Work in thin glazes to minimize the potential for paint flaking off.
Paint an underpainting with India ink, establishing darks and light areas of the composition. Use casein paint to build up glazes of paint over the ink to develop a rich depth of color and interesting effects.
Painting errors can be removed using a solution of nine parts water to one part ammonia. Apply the solution and rub away the offending passage with a clean, damp cloth.
Casein Milk Paint Manufacturers
Casein does not have the popularity it once had. Modern technology has pushed it aside, so there are fewer paint manufacturers who continue to produce Casein products. There still is a variety of products available, and an artist does have a choice of paints and mediums.
Shiva developed casein paint in tubes in 1933. Today, Jack Richeson and Company produces the casein line for Shiva, dedicating itself to restoring the original formulations and qualities of the original line.
Pelikan Plaka is bottled emulsion paint that is ready to use and has a very high opacity.
BioShield produces a dry powder that is mixed with water to form the paint base.

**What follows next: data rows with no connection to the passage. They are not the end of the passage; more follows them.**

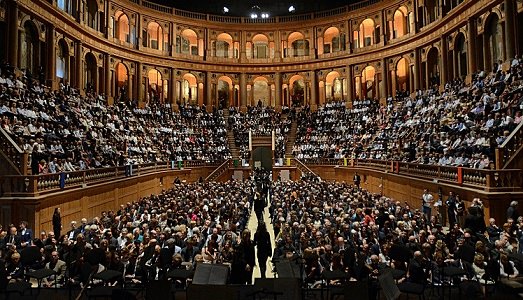 Sputare su Romaeuropa e il “Verdi” di Parma. Il Movimento Cinque Stelle blocca i finanziamenti per i celebri Festival, accusati di essere “marchette”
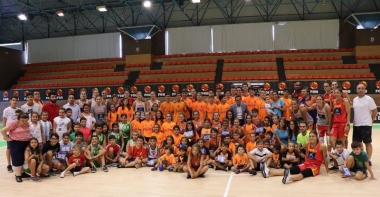 seleccion española con aficionados en Villanueva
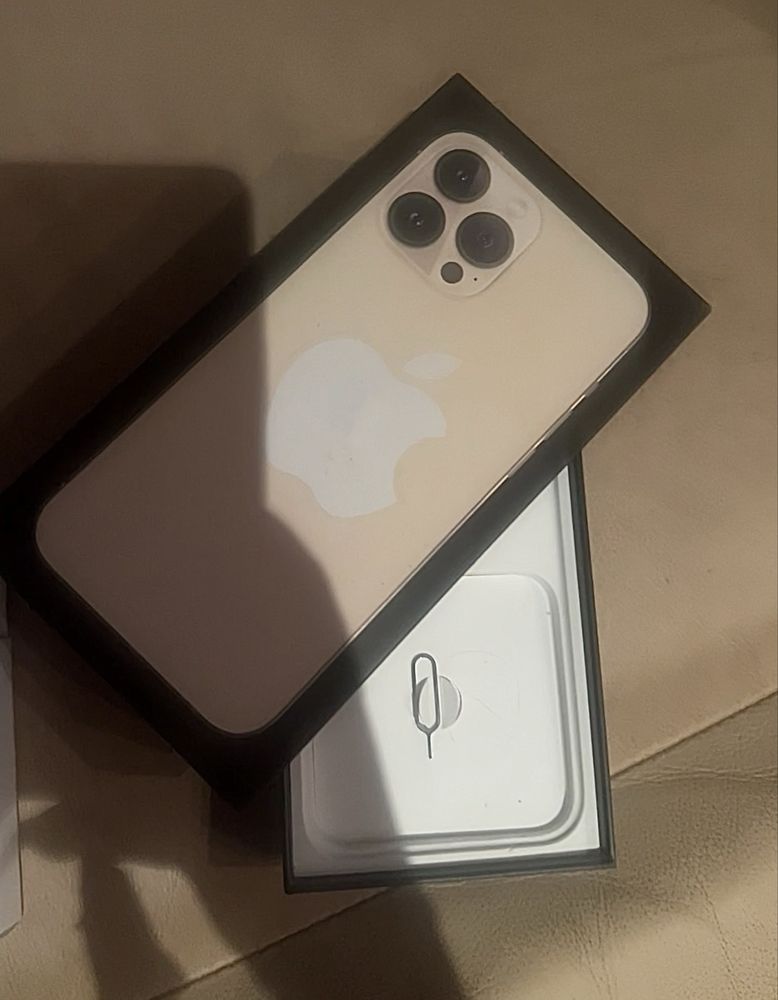 Iphone 13 Pro Max - 256G - Dourado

Pigment is added to this off-white emulsion to create the blend. They have a selection of ten pastel shades to add to the basic off-white emulsion. Natural pigment can also be mixed with the emulsion.
Kreidezeit is a German company that has produced natural paints and supplies since 1988. They have a line of casein paint that includes 21 colors in dry formulation that are mixed with water to form the paint.
Real Milk boasts a line of 28 powdered pigments that are ready to mix with water. They are organic and will remain usable for several weeks.
Earth Pigments makes a line of natural pigment for use in preparing casein milk paint from a recipe. They have an extensive line of colors as well as a water based milk paint dry powder.
Milk Casein Paint is a medium that has been used for over 9000 years. Its durability and versatility has only been surpassed by the advent of acrylic paint. However, there is an old world appeal to the rich luminous glow that an artist can achieve with this paint that cannot be duplicated with modern technology.
An interested artist should investigate this engaging and rich painting medium. Everyone’s diet needs a little milk.